SUSv3 requires that an open() call with the flags O_CREAT and O_EXCL perform the steps of checking for the existence of a file and creating it atomically (Atomicity and Race Conditions). This means that if two processes attempt to create a file specifying these flags, it is guaranteed that only one of them will succeed. (The other process will receive the error EEXIST from open().) Used in conjunction with the unlink() system call, this provides the basis for a locking mechanism. Acquiring the lock is performed by successfully opening the file with the O_CREAT and O_EXCL flags, followed by an immediate close(). Releasing the lock is performed using unlink(). Although workable, this technique has several limitations:
If the open() fails, indicating that some other process has the lock, then we must retry the open() in some kind of loop, either polling continuously (which wastes CPU time) or with a delay between each attempt (which means that there may be some delay between the time the lock becomes available and when we actually acquire it).

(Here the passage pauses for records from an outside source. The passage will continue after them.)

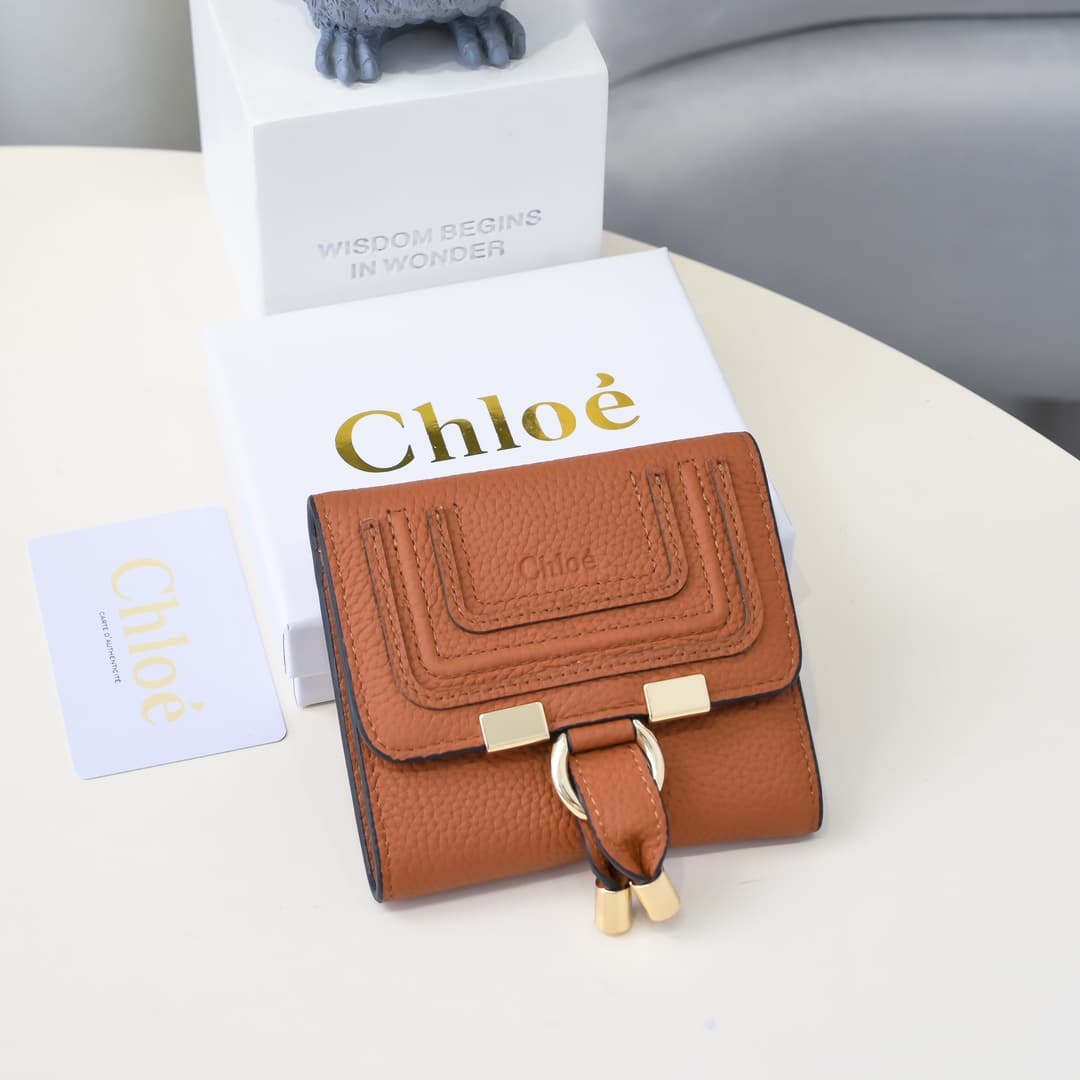 原版钱包 Gold Wallet 250385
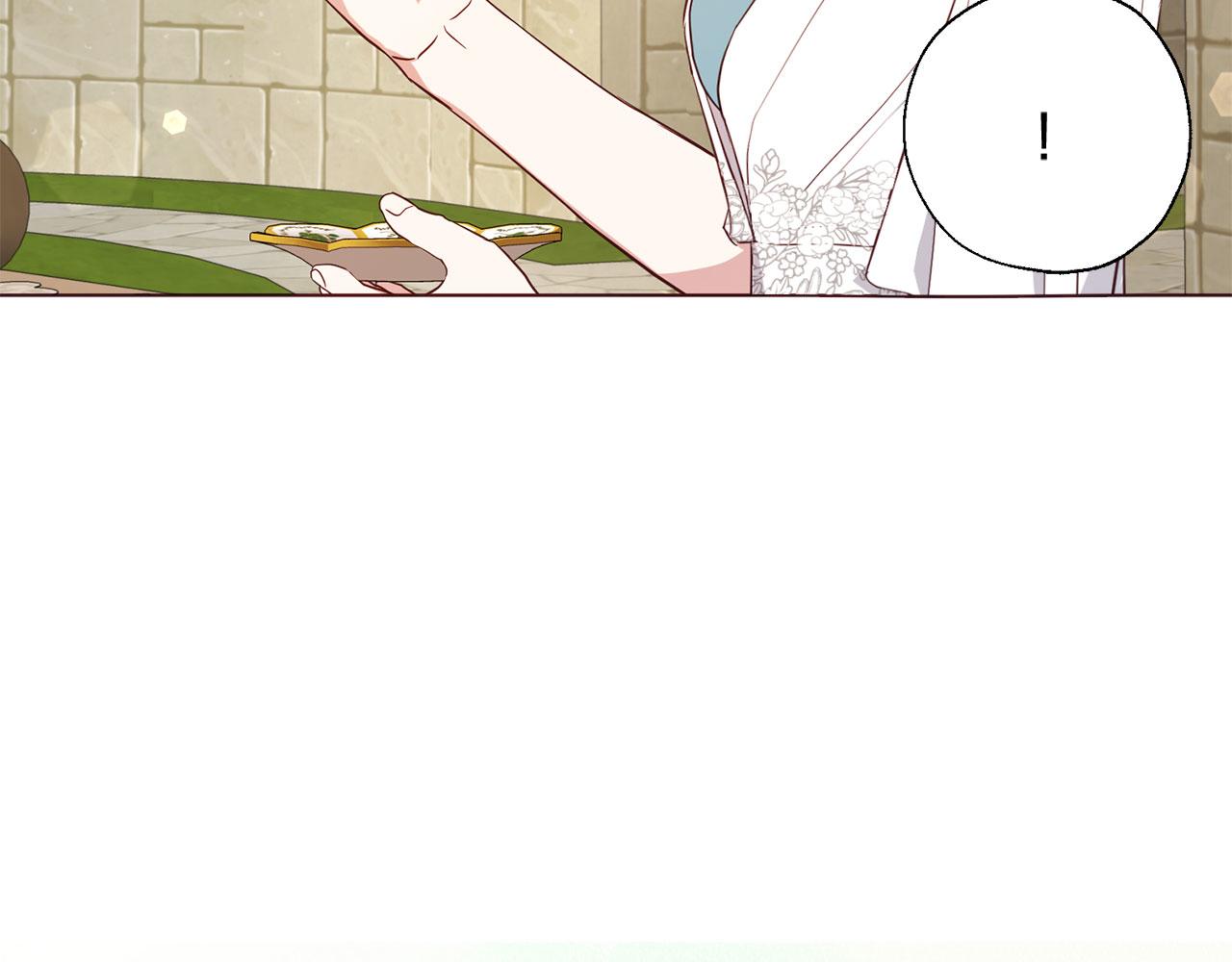 第 84 页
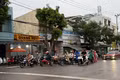 Tháng 10-2026, phía Đông Gia Lai có thể xuất hiện 1-2 đợt mưa lớn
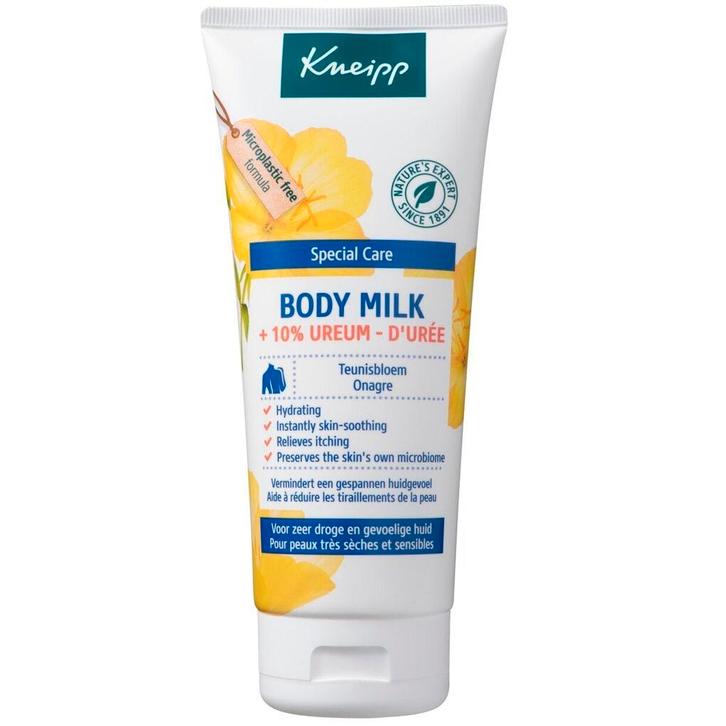 Kneipp Teunisbloem Bodylotion, Sieraden, Tassen en Uiterlijk, Uiterlijk | Lichaamsverzorging, Bodylotion, Crème of Olie, Nieuw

With fcntl(), we can use F_SETLKW to block until the lock becomes free.
Acquiring and releasing locks using open() and unlink() involves file-system operations that are rather slower than the use of record locks. (On one of the author’s x86-32 systems running Linux 2.6.31, acquiring and releasing 1 million locks on an ext3 file using the technique described here required 44 seconds. Acquiring and releasing 1 million record locks on the same byte of a file required 2.5 seconds.)
If a process accidentally exits without deleting the lock file, the lock is not released. There are ad hoc techniques for handling this problem, including checking the last modification time of the file and having the lock holder write its process ID to the file so that we can check if the process still exists, but none of these techniques is foolproof. By comparison, record locks are released automatically when a process terminates.
If we are placing multiple locks (i.e., using multiple lock files), deadlocks are not detected. If a deadlock arises, the processes involved in the deadlock will remain blocked indefinitely. (Each process will be spinning, checking to see if it can obtain the lock it requires.) By contrast, the kernel provides deadlock detection for fcntl() record locks.
NFS version 2 doesn’t support O_EXCL semantics. Linux 2.4 NFS clients also fail to implement O_EXCL correctly, even for NFS version 3 and later.
The fact that the link() system call fails if the new link already exists has also been used as a locking mechanism, again employing unlink() to perform the unlock function. The usual approach is to have each process that needs to acquire the lock create a unique temporary filename, typically one including the process ID (and possibly the hostname, if the lock file is created on a network file system). To acquire the lock, this temporary file is linked to some agreed-upon standard pathname. (The semantics of hard links require that the two pathnames reside in the same file system.) If the link() call succeeds, we have obtained the lock. If it fails (EEXIST), then another process has the lock and we must try again later. This technique suffers the same limitations as the open(file, O_CREAT | O_EXCL,...) technique described above.
The fact that calling open() on an existing file fails if O_TRUNC is specified and write permission is denied on the file can be used as the basis of a locking technique. To obtain a lock, we use the following code (which omits error checking) to create a new file:
fd = open(file, O_CREAT | O_TRUNC | O_WRONLY, (mode_t) 0); close(fd);
For an explanation of why we use the (mode_t) cast in the open() call above, see Appendix C.
If the open() call succeeds (i.e., the file didn’t previously exist), we have the lock. If it fails with EACCES (i.e., the file exists and has no permissions for anyone), then another process has the lock, and we must try again later. This technique suffers the same limitations as the previous techniques, with the added caveat that we can’t employ it in a program with superuser privileges, since the open() call will always succeed, regardless of the permissions that are set on the file.